__Your goal__. What you give back must match the data below character for character.

__Task data__.
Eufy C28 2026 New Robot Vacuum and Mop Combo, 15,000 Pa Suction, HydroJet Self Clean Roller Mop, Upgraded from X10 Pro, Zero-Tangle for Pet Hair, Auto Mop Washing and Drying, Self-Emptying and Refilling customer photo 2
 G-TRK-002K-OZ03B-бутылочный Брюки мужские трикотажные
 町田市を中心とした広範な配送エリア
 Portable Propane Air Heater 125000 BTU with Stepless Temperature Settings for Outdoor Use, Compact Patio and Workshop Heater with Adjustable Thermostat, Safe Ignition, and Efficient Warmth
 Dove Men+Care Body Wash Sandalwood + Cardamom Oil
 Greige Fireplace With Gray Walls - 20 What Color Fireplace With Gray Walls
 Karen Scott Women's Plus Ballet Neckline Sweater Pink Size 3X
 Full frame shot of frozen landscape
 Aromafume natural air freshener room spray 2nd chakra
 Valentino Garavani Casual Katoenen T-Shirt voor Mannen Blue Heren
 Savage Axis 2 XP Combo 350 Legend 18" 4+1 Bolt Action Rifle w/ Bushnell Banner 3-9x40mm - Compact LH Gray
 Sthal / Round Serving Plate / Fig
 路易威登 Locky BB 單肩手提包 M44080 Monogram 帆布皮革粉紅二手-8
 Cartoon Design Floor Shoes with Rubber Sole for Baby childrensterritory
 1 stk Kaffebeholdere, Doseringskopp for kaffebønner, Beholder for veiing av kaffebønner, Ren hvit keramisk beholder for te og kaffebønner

__Answer to this exercise__.
Eufy C28 2026 New Robot Vacuum and Mop Combo, 15,000 Pa Suction, HydroJet Self Clean Roller Mop, Upgraded from X10 Pro, Zero-Tangle for Pet Hair, Auto Mop Washing and Drying, Self-Emptying and Refilling customer photo 2
 G-TRK-002K-OZ03B-бутылочный Брюки мужские трикотажные
 町田市を中心とした広範な配送エリア
 Portable Propane Air Heater 125000 BTU with Stepless Temperature Settings for Outdoor Use, Compact Patio and Workshop Heater with Adjustable Thermostat, Safe Ignition, and Efficient Warmth
 Dove Men+Care Body Wash Sandalwood + Cardamom Oil
 Greige Fireplace With Gray Walls - 20 What Color Fireplace With Gray Walls
 Karen Scott Women's Plus Ballet Neckline Sweater Pink Size 3X
 Full frame shot of frozen landscape
 Aromafume natural air freshener room spray 2nd chakra
 Valentino Garavani Casual Katoenen T-Shirt voor Mannen Blue Heren
 Savage Axis 2 XP Combo 350 Legend 18" 4+1 Bolt Action Rifle w/ Bushnell Banner 3-9x40mm - Compact LH Gray
 Sthal / Round Serving Plate / Fig
 路易威登 Locky BB 單肩手提包 M44080 Monogram 帆布皮革粉紅二手-8
 Cartoon Design Floor Shoes with Rubber Sole for Baby childrensterritory
 1 stk Kaffebeholdere, Doseringskopp for kaffebønner, Beholder for veiing av kaffebønner, Ren hvit keramisk beholder for te og kaffebønner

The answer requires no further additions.